I am working with this gorgeous Morris & Sons Empire 8-ply 'Arcadia' yarn. I haven't used it before, but it knits up into a beautiful even fabric, and the variegated colours are very appropriate for a prehistoric reptile methinks.

But I am off to make tea, eat chocolate and watch an episode of Foyle's War with my beloved. I hope that your Christmas season has been filled with peace and joyous things.

Evie :)

Sunday, December 8, 2013

Three Peachy Chickens

Organic peaches, a gifty from the farm at Cobbitty. I sliced them all up this morning and threw them into the slow-cooker with a goodly splash of Irish Whiskey. Doris, Doreen and Augusta had a terrific feed on the scrappy left-over bits, helped out here and there by Rosie the Wonderdog.

I don't usually eat ice-cream, but I just had to have a wee bit this evening, scooped into a bowl of olde fashioned peaches; the creamy ice-cream melting into a beguiling juicy soup. Delicious. It is surely the best taste of Summer, don't you think?

The best end to a happy day. :)



Goodbye Vice-Chancellor (in my blue lace dress)


When an invitation to a formal event arrives in the post, my first thoughts quite naturally turn to oh-my-goodness-whatever-will-I-wear. I am one of those 'keep it simple' kind of gals, and my wardrobe has been kept deliberately spare. I have never been able to wear bold prints or blousy florals, and I so often seem to gravitate toward block colours of black or red.

But lately I have discovered that I can wear lace with reasonably good effect, and so when the invitation to attend my University's grand farewell to our long-serving Vice-Chancellor [President or Rector, to those in the UK or US respectively], I dismissed the boutique-de-frock and went searching for lacy fabric instead.

The blue was a considered choice spanning two trips to my local Spotlight store over the course of a week. With time getting down to the wire I landed back there on my way home from work on Wednesday and decided that it would likely do as not. Imagine my joy at the checkout to discover that the price had been reduced by 75% by deem of a mega-sale, and that pretty blue lace had serendipitously become more than ridiculously reasonable.

I had cut a pattern from a mesh sheath in my staple wardrobe, and fudged the hemline so that I was able to take advantage of the scalloped hemline.

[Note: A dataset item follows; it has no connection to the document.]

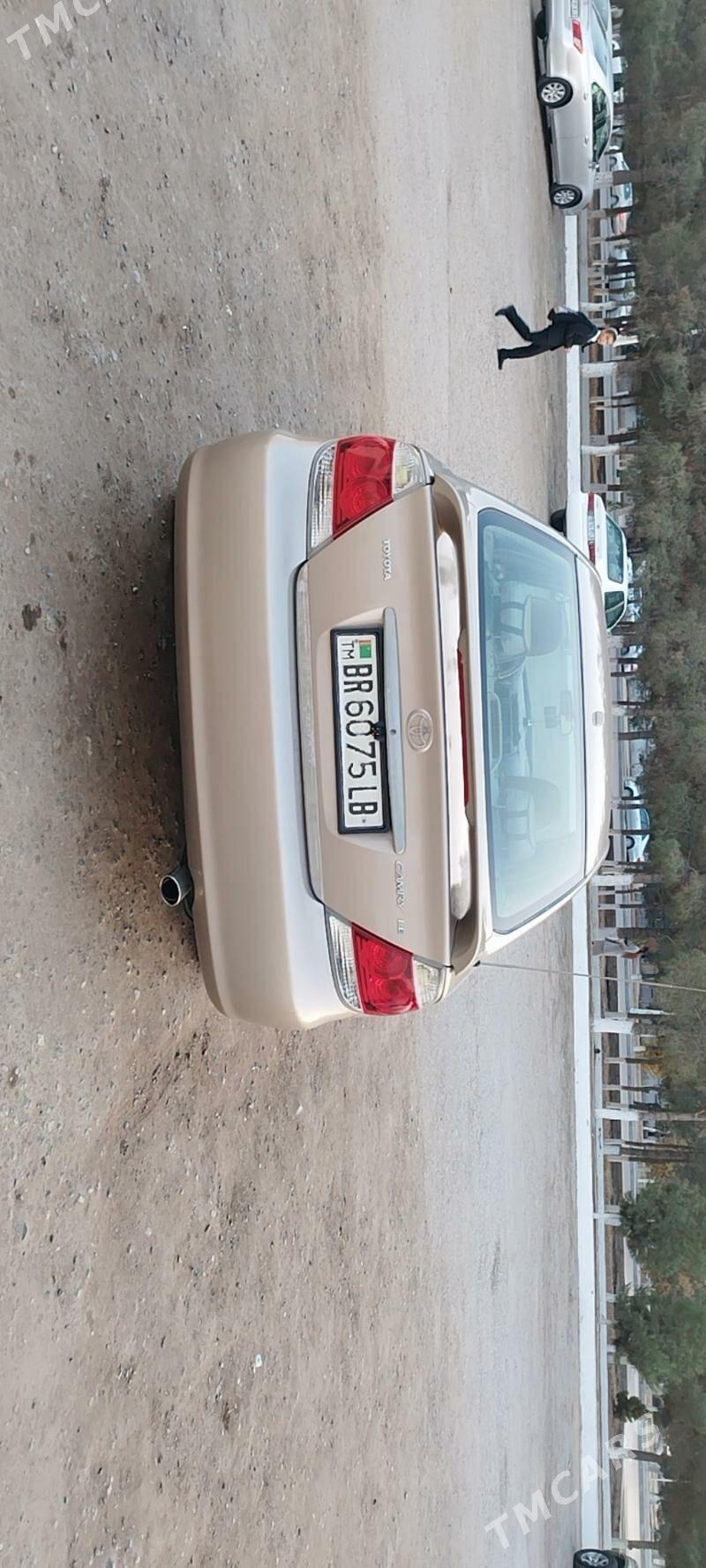 Toyota Camry 2003 - 160 000 TMT - Туркменабат - img 3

These things are so quick and simple to whip together using a rolled-hem on the overlocker [serger], and if not for my decision to add a border of flower motifs around the neckline, it would have been an evening's work. As it was, the neckline bit got a bit tricky, and getting it to all sit nicely nearly had me in a lather! I downed needle in just under two hours before it was time to slip into my dress and buckle up my shoes. But I did really feel quite lovely with my little home-made lacy number over a black ruffled-hem dress. Too easy!


And it was a truly wonderful evening spent with colleagues with whom I am the very best of friends; catching up with University chums of old, sharing memories, reminiscing, enjoying a rolling collage of photographs that document a long and prosperous chapter in the life of our Institution. And of course, commemorating the incredible contribution of a gifted, dedicated, warm and generous woman. She will be well-remembered, and remembered-well.  Goodbye, farewell, Professor Reid, I have loved you well.